DENVER (CBS4) - The massive renovation plan for the National Western Complex just got an infusion of cash, and the money will make it a state-of-the-art hub for agricultural research, business and education, according to supporters.
The plan is to remake the site into a year-round venue that will attract not only a million new visitors, but a hundred new events -- from trade shows and amateur sporting events to festivals and concerts. On Wednesday Gov. John Hickenlooper signed a bill into law that could help make it a reality.
"It's a law," Hickenlooper said while slamming his hand down on the table after signing the bill.
With that the state contributed $250 million towards transforming the National Western Complex into what one lawmaker calls the Silicon Valley of Agriculture.
"We've been running away from our agricultural roots as a city for a long time," Kelly Leid with the City of Denver said. "This actually has reinvigorated us to think about how important that past is."
Leid is heading up the project for the city.
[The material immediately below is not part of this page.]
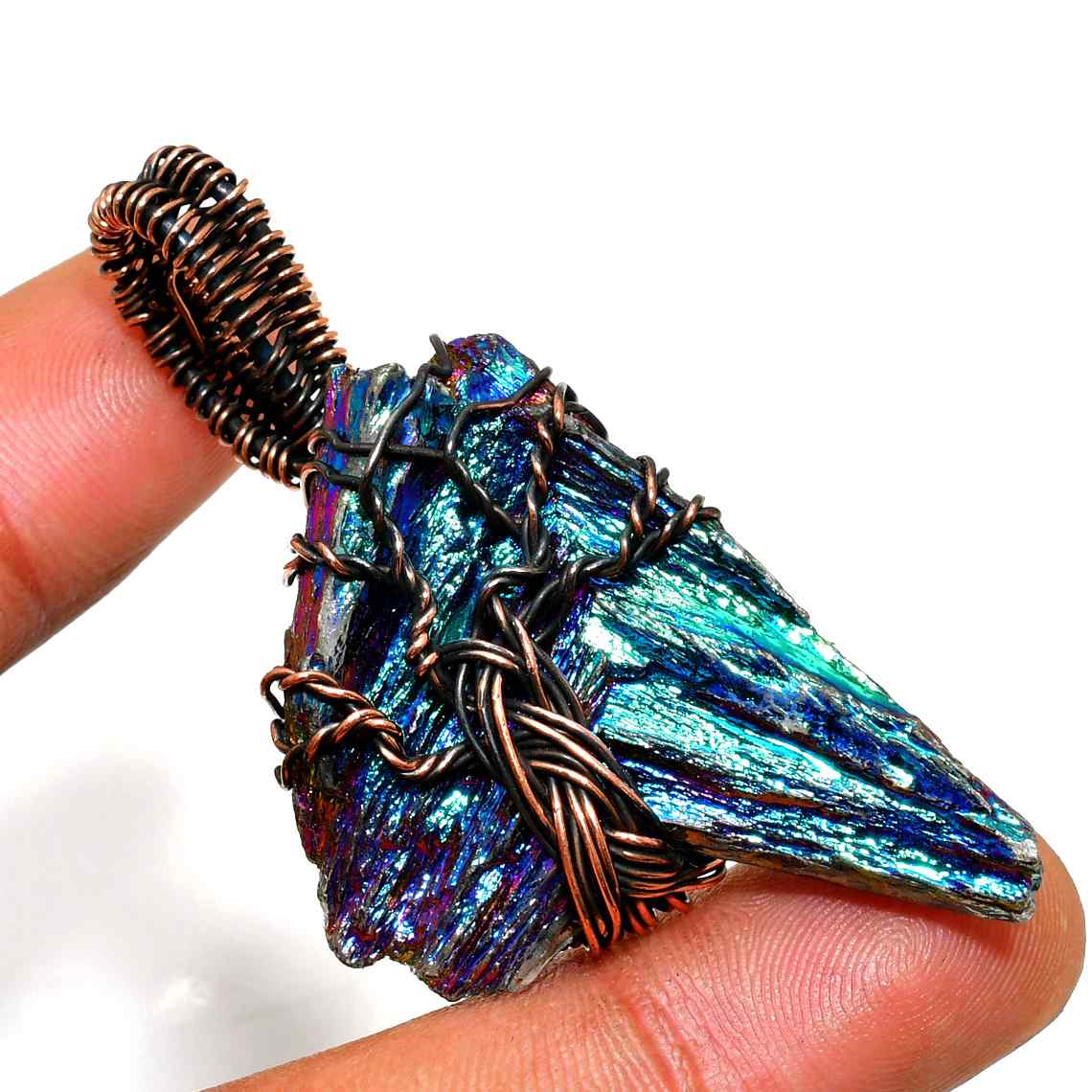Elysian Prism – Oxidized Copper Labradorite Pendant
The master plan calls for not only a new equestrian center and stock yards pavilion for the stock show, but a water resources center, clinical trials facility and equine sports medicine clinic all managed by Colorado State University.
Leid said it will be a center for cutting-edge agricultural research.
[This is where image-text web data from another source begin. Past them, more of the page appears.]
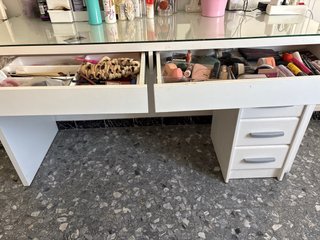 Mesa escritorio tocador cristal y madera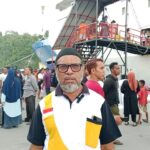 Bapak Muhammad Kabes salah satu pengantar penumpang yang mengantar anaknya dalam perjalanan menuju kota studi menggunakan Moda transportasi laut KM Labobar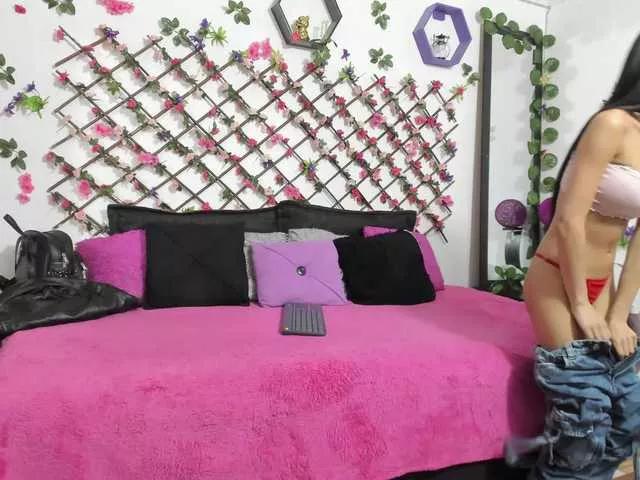 Dreamgirlss on BongaCams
"We envision solving some of the world's biggest food issues on this campus," he said.
CSU President Tony Frank said they will do it while educating a new generation of Coloradans.
"If you could envision virtually every K-12 student coming through here in ways that are integrated through their curriculum; having opportunities to turn out a generation that is much more literate in terms of agriculture -- where their food comes from," Frank said.
From education to research to commerce, the project is expected to drive upwards of 16,000 jobs in agriculture business and science.
"The 1916 exchange building was the epicenter of agricultural commerce for the entire Rocky Mountain region," Leid said. "In some respects we're waking up those echoes from the past, but in a very modern way."
In addition to the state's $250 million contribution, the stock show will pitch in $50 million, CSU $16 million and the City of Denver the rest, with much of the money dependent on Denver voters approving a tax extension on hotels and rental cars in November. If voters don't approve it, the project will need to be scaled back significantly.